* **Records from a collection**
__________

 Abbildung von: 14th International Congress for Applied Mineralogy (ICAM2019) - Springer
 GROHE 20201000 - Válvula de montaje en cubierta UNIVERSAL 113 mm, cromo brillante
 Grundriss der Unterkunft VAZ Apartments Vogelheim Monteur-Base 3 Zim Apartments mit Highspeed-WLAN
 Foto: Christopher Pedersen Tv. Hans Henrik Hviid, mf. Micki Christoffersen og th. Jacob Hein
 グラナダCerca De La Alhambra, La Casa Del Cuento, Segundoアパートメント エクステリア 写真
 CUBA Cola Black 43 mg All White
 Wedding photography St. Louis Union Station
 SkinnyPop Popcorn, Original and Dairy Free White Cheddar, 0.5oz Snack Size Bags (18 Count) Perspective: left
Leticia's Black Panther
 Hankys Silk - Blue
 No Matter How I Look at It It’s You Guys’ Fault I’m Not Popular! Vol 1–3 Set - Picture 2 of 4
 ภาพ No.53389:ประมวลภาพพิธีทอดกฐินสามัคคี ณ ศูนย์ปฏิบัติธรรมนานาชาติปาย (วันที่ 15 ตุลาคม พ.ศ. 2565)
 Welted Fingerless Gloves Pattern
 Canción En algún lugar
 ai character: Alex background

__________

* **EXERCISE AIM**
Your reply should be one number: how many lines in the records contain "White".

* **OUTPUT**
2